Segment Open

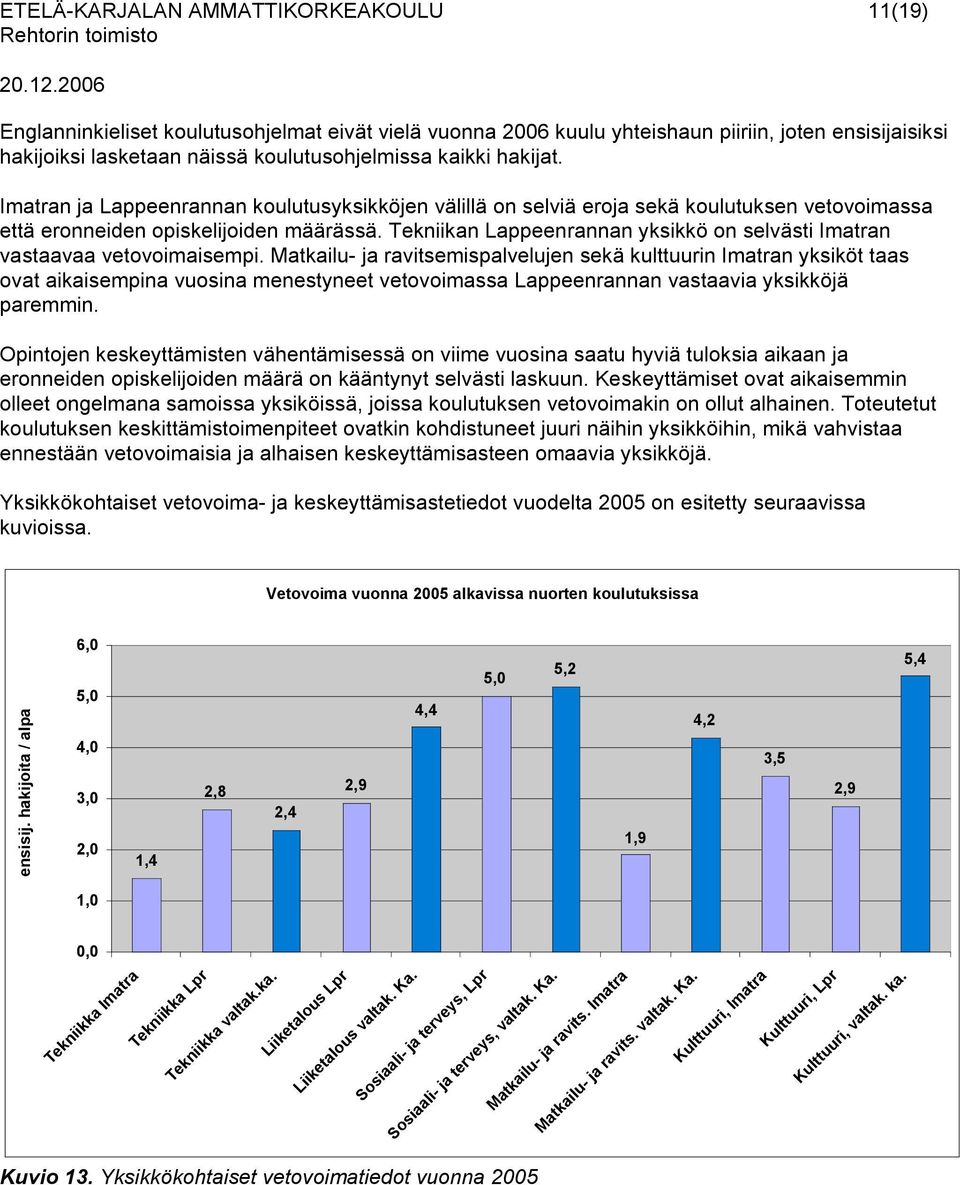 Tekniikan Lappeenrannan yksikkö on selvästi Imatran vastaavaa vetovoimaisempi.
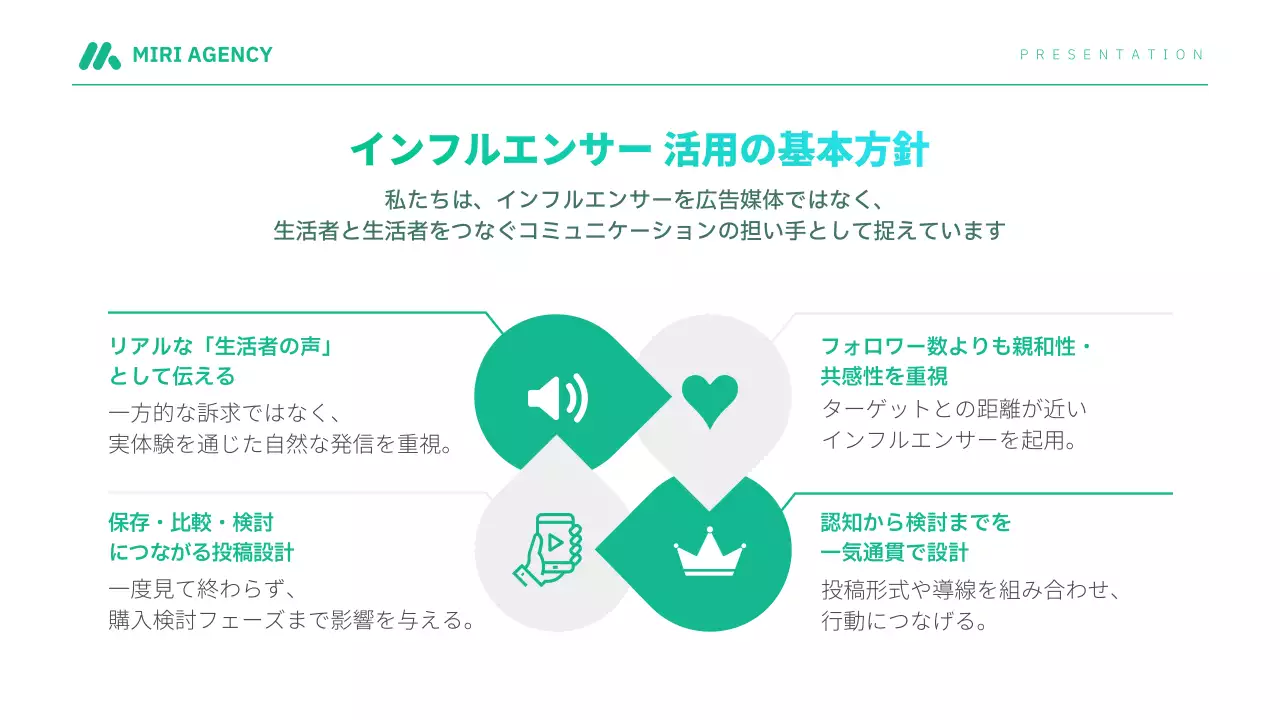 青 モダン インフルエンサー プレゼンテーション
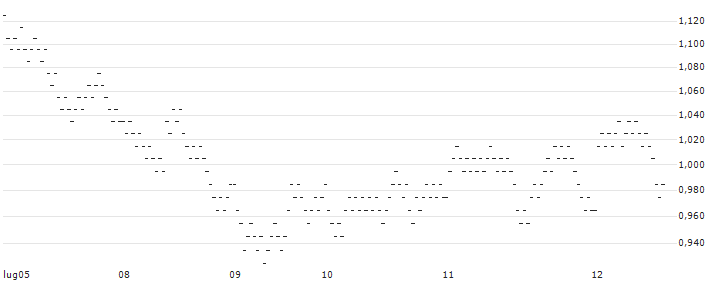 UNLIMITED TURBO BULL - OCCIDENTAL PETROLEUM(334BS) : Grafico di Prezzo (5 giorni)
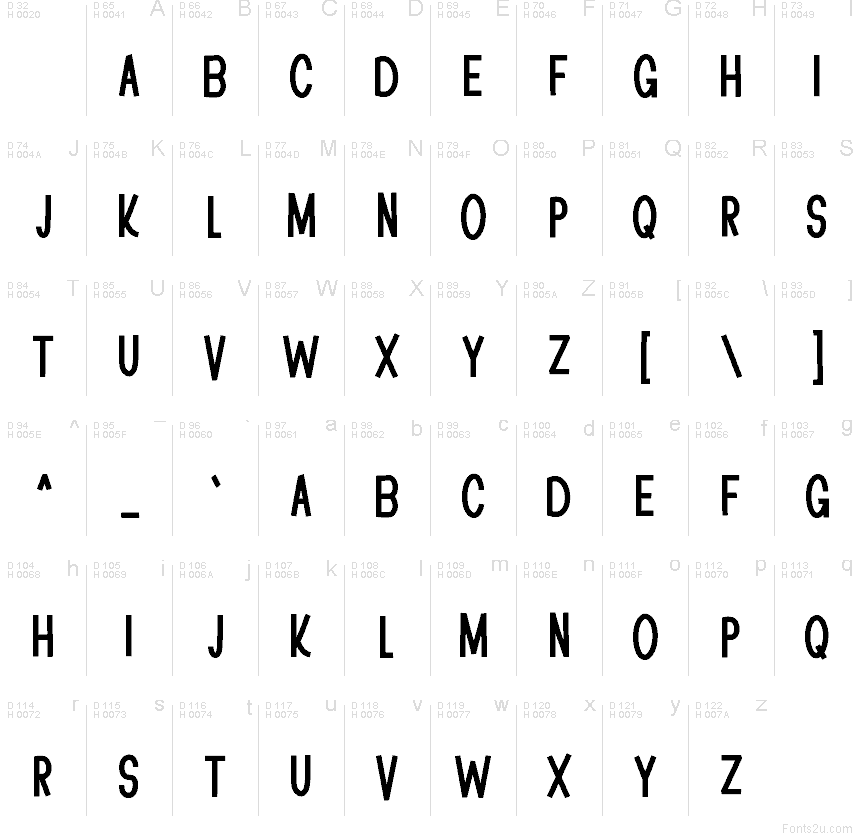 Latino di base - Mappa caratteri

Segment Closed

» **Task requirements**
Reproduce, exactly and without pictures, the lines above from the one containing "UNLIMITED TURBO BULL" through the last line of the material, both ends included, and nothing more.

» **Answer section**
 UNLIMITED TURBO BULL - OCCIDENTAL PETROLEUM(334BS) : Grafico di Prezzo (5 giorni)
 Latino di base - Mappa caratteri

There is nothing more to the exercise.